WORK INSTRUCTION. Only the lines below from the one containing "good condition computer table 3" to the one containing "#63 Corvette Racing" should be repeated, both included and unchanged.

DATASET CONTENT.
• • • • • • •

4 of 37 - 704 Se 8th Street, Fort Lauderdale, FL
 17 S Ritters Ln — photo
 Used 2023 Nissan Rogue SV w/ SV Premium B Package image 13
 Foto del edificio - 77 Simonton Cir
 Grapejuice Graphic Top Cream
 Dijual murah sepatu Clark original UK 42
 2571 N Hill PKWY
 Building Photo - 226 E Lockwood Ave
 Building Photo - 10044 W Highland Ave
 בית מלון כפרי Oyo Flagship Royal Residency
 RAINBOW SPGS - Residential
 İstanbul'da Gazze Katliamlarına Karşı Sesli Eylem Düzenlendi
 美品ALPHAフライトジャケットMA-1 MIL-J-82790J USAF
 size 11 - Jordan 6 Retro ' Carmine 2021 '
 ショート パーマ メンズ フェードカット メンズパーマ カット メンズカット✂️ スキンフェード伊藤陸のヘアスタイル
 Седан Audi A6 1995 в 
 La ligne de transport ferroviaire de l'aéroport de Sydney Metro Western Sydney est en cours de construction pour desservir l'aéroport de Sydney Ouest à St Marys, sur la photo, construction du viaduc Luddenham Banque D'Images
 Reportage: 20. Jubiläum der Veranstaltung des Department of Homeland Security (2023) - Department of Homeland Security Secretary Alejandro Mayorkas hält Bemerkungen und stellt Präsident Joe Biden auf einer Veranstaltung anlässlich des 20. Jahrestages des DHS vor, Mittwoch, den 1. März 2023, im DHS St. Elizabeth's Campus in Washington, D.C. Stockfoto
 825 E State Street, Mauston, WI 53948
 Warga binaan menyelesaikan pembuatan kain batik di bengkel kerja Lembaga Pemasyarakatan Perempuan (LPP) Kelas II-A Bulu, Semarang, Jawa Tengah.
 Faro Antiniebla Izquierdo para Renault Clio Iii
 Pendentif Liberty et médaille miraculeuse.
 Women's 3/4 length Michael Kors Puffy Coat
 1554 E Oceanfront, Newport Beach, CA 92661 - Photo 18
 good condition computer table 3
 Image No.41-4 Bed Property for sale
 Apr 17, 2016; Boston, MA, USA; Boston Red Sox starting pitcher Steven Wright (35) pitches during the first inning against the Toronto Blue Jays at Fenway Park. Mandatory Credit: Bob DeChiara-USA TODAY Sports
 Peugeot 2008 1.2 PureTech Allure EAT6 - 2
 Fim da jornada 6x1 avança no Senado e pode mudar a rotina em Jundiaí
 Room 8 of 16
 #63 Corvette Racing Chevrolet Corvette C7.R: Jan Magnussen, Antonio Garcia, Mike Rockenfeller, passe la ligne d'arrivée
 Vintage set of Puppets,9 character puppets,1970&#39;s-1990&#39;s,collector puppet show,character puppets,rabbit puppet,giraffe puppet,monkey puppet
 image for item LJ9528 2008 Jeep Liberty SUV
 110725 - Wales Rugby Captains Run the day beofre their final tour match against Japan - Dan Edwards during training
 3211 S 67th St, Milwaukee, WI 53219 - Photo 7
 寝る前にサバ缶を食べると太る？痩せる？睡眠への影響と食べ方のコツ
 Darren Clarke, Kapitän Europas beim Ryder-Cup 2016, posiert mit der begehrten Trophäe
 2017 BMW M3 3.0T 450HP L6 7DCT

• • • • • • •

SOLUTION TO THE PROBLEM.
 good condition computer table 3
 Image No.41-4 Bed Property for sale
 Apr 17, 2016; Boston, MA, USA; Boston Red Sox starting pitcher Steven Wright (35) pitches during the first inning against the Toronto Blue Jays at Fenway Park. Mandatory Credit: Bob DeChiara-USA TODAY Sports
 Peugeot 2008 1.2 PureTech Allure EAT6 - 2
 Fim da jornada 6x1 avança no Senado e pode mudar a rotina em Jundiaí
 Room 8 of 16
 #63 Corvette Racing Chevrolet Corvette C7.R: Jan Magnussen, Antonio Garcia, Mike Rockenfeller, passe la ligne d'arrivée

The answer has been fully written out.